## Action item
Look through the entries below for the line that contains "Pitkin sectional and pillows top", then set down that line and each one after it exactly, through the last.

## Source records
--- START ---

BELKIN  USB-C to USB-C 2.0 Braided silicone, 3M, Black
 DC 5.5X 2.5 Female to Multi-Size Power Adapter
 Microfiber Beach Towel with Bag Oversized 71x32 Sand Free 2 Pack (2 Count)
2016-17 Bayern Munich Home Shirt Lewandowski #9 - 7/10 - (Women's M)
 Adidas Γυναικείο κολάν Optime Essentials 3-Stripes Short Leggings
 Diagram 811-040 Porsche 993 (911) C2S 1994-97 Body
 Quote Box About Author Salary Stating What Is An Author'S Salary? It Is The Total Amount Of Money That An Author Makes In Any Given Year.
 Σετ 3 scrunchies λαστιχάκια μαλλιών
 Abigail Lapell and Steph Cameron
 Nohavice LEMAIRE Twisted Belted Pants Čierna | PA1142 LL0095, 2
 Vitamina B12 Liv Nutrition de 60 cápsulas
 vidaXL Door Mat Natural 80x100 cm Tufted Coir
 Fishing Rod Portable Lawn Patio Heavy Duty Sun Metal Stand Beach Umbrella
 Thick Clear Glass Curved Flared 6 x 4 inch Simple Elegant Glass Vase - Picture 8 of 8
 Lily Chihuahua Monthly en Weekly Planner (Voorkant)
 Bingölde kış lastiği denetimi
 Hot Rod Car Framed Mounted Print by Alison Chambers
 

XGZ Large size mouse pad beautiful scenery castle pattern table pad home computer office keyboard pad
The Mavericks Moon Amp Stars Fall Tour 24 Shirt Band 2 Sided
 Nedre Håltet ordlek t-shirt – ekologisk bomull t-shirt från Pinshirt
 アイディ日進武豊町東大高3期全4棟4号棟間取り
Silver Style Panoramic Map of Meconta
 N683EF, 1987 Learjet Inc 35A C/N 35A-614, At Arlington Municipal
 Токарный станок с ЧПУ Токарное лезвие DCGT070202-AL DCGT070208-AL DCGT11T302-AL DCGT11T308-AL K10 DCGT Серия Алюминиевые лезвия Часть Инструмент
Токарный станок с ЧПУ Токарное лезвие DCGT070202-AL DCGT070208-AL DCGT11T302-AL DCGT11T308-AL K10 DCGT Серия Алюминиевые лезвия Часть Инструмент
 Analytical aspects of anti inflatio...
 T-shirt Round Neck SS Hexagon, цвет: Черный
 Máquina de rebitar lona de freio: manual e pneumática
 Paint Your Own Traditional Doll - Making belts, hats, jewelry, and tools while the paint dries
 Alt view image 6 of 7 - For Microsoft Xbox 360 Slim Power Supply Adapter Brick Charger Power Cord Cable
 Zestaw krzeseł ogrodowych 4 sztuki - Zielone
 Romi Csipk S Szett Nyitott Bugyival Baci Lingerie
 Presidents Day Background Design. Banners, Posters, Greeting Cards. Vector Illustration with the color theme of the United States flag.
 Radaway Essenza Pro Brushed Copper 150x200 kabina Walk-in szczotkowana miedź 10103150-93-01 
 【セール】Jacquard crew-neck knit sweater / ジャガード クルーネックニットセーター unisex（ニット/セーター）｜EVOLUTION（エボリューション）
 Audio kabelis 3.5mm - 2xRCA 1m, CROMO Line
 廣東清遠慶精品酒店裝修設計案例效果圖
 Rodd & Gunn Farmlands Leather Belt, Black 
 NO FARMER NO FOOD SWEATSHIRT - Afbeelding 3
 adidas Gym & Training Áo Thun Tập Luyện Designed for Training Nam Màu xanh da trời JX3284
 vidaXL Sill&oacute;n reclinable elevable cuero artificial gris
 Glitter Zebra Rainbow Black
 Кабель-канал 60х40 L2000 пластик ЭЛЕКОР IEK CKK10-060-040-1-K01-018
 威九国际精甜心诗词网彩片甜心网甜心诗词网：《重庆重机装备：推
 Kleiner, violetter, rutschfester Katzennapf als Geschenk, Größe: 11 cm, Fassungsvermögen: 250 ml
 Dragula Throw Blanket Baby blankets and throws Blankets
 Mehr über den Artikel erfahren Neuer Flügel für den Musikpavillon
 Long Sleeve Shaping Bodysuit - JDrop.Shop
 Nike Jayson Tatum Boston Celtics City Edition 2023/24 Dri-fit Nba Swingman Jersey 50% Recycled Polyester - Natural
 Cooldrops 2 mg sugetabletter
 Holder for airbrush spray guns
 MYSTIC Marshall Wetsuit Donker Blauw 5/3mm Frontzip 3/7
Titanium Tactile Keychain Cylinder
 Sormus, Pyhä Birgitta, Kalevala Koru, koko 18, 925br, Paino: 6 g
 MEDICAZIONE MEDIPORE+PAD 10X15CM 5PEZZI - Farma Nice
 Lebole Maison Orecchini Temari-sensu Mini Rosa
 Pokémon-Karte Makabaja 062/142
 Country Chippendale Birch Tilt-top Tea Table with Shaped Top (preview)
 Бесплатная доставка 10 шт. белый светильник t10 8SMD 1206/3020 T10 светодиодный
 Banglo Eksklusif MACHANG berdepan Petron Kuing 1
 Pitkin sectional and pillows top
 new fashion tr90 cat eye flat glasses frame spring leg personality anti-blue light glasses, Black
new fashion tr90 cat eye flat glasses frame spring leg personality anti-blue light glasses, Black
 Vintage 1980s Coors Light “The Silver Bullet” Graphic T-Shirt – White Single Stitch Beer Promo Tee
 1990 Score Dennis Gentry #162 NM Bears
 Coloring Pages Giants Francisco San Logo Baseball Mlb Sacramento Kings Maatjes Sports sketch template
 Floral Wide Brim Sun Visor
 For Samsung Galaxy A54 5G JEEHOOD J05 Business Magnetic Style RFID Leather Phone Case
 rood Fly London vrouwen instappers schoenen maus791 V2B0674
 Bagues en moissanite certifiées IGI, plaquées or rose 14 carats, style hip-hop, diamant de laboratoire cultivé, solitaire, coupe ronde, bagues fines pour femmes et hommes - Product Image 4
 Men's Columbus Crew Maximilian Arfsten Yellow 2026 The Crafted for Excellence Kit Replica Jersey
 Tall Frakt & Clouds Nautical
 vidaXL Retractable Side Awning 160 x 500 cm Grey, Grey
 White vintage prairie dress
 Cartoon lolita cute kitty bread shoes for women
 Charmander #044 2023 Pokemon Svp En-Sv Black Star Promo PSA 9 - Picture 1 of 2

--- END ---

## Answer area
 Pitkin sectional and pillows top
 new fashion tr90 cat eye flat glasses frame spring leg personality anti-blue light glasses, Black
new fashion tr90 cat eye flat glasses frame spring leg personality anti-blue light glasses, Black
 Vintage 1980s Coors Light “The Silver Bullet” Graphic T-Shirt – White Single Stitch Beer Promo Tee
 1990 Score Dennis Gentry #162 NM Bears
 Coloring Pages Giants Francisco San Logo Baseball Mlb Sacramento Kings Maatjes Sports sketch template
 Floral Wide Brim Sun Visor
 For Samsung Galaxy A54 5G JEEHOOD J05 Business Magnetic Style RFID Leather Phone Case
 rood Fly London vrouwen instappers schoenen maus791 V2B0674
 Bagues en moissanite certifiées IGI, plaquées or rose 14 carats, style hip-hop, diamant de laboratoire cultivé, solitaire, coupe ronde, bagues fines pour femmes et hommes - Product Image 4
 Men's Columbus Crew Maximilian Arfsten Yellow 2026 The Crafted for Excellence Kit Replica Jersey
 Tall Frakt & Clouds Nautical
 vidaXL Retractable Side Awning 160 x 500 cm Grey, Grey
 White vintage prairie dress
 Cartoon lolita cute kitty bread shoes for women
 Charmander #044 2023 Pokemon Svp En-Sv Black Star Promo PSA 9 - Picture 1 of 2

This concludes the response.